---------- SOURCE DATA

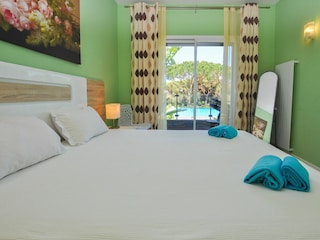 Apartment Olhos de Agua Features 22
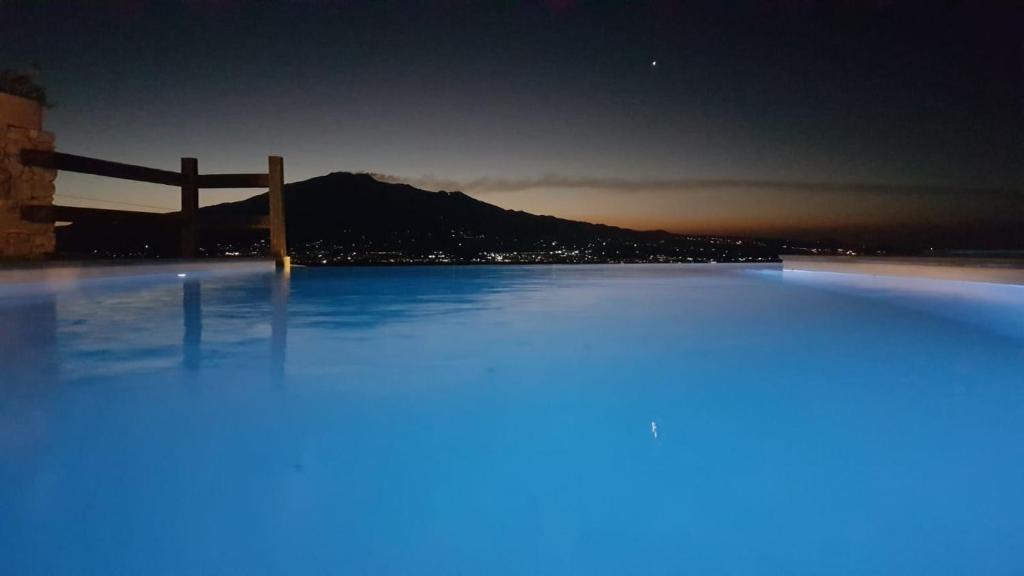 Centuripe House | Balcone sull'Etna Casa Biondi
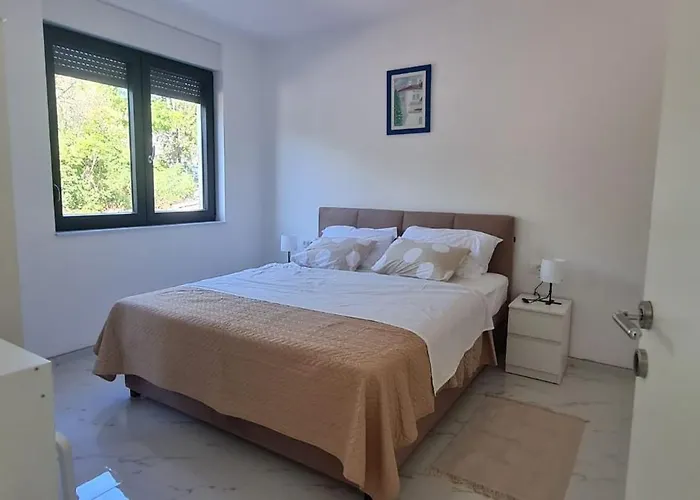 Appartamento Mariosa *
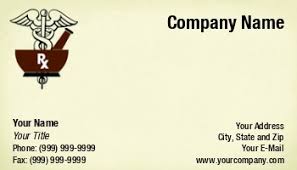 Choose a free business card design. Free Business Cards
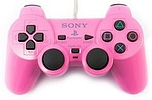 PlayStation 2 Dualshock 2 Controller - Pink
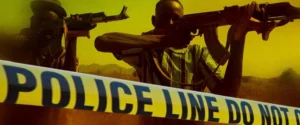 Tragedy as NPR officer shot dead in Marsabit in attack in Loiyangalani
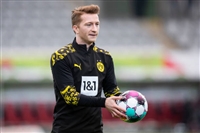 Marco Reus hoodie #3996872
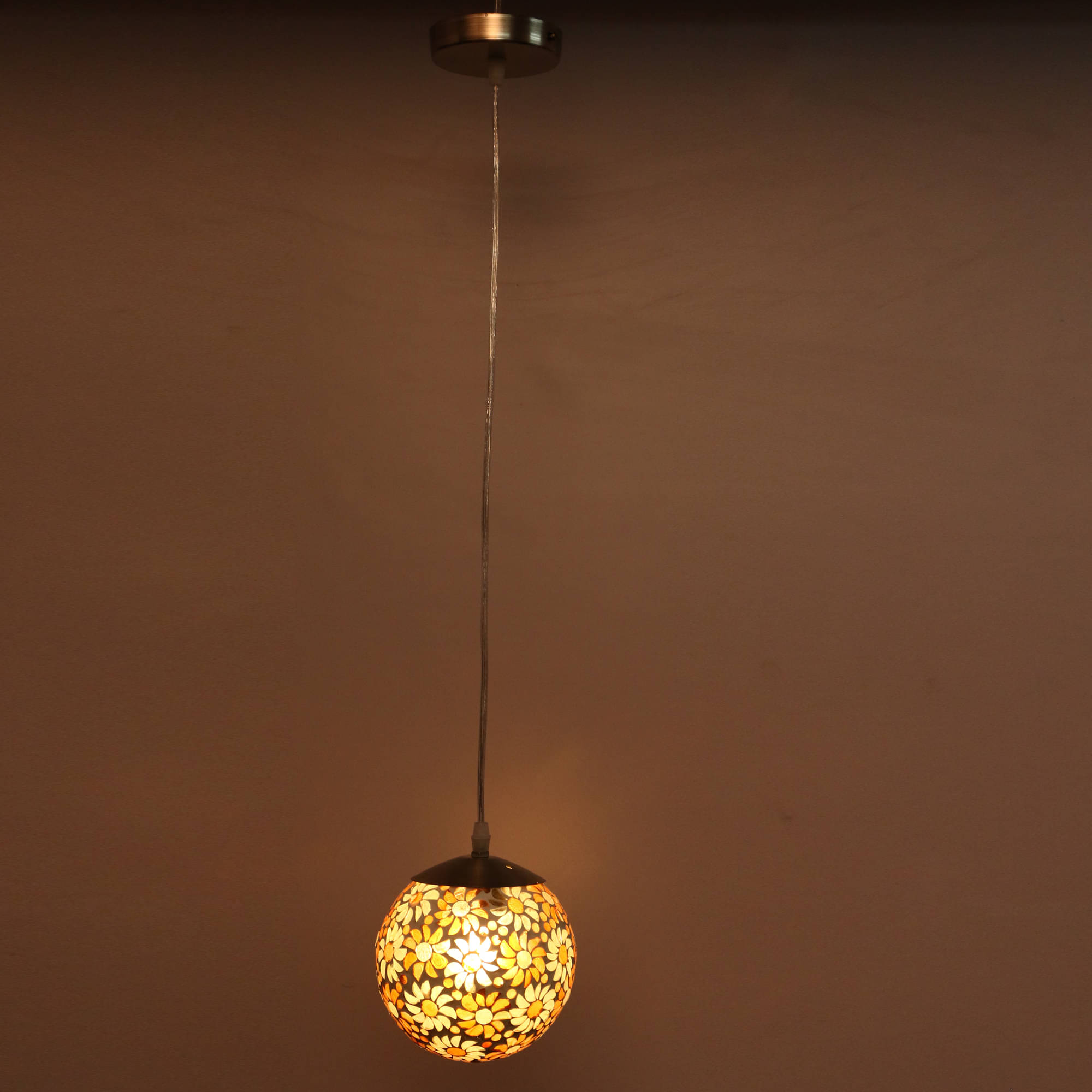     			AFAST 7W Round Ceiling Light 75 cms. - Pack of 1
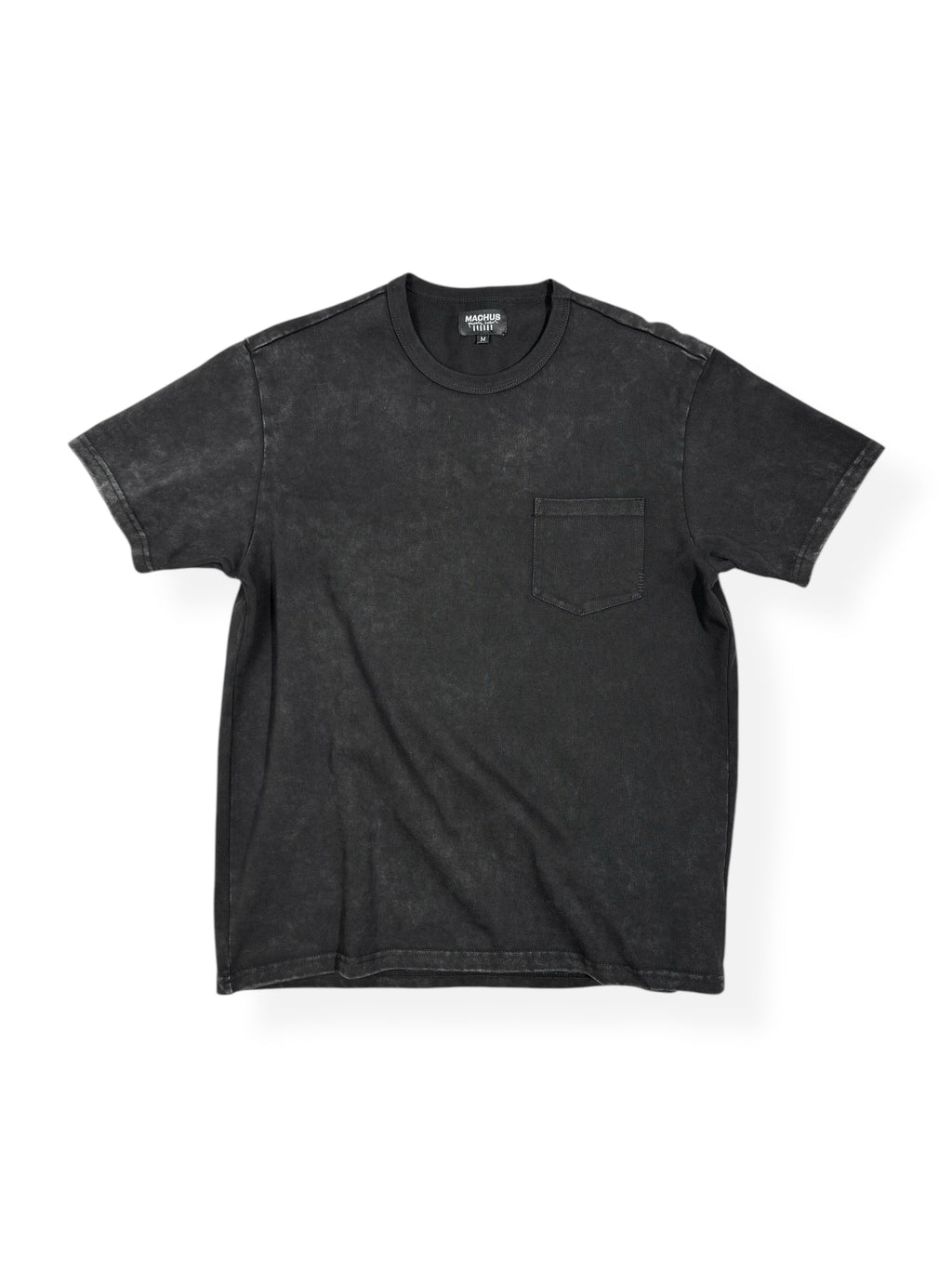 CLASSIC POCKET TEE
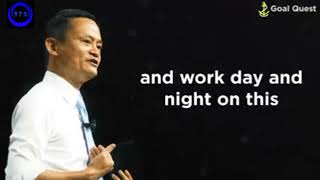 JACK MA YUN SUCCESS STORY||TYS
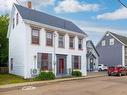 206 Sydney Street, Charlottetown, PE  - Outdoor With Facade 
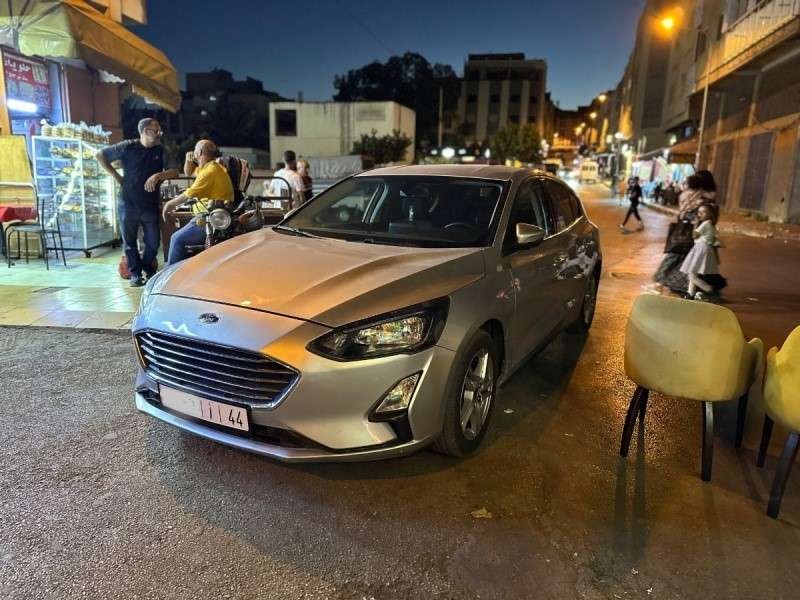 FORD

--------------------

### YOUR INSTRUCTIONS
A verbatim copy of the data, free of pictures, is the expected answer.

### COMPLETED EXERCISE
 Apartment Olhos de Agua Features 22
 Centuripe House | Balcone sull'Etna Casa Biondi
 Appartamento Mariosa *
 Choose a free business card design. Free Business Cards
 PlayStation 2 Dualshock 2 Controller - Pink
 Tragedy as NPR officer shot dead in Marsabit in attack in Loiyangalani
 Marco Reus hoodie #3996872
     			AFAST 7W Round Ceiling Light 75 cms. - Pack of 1
 CLASSIC POCKET TEE
 JACK MA YUN SUCCESS STORY||TYS
 206 Sydney Street, Charlottetown, PE  - Outdoor With Facade 
 FORD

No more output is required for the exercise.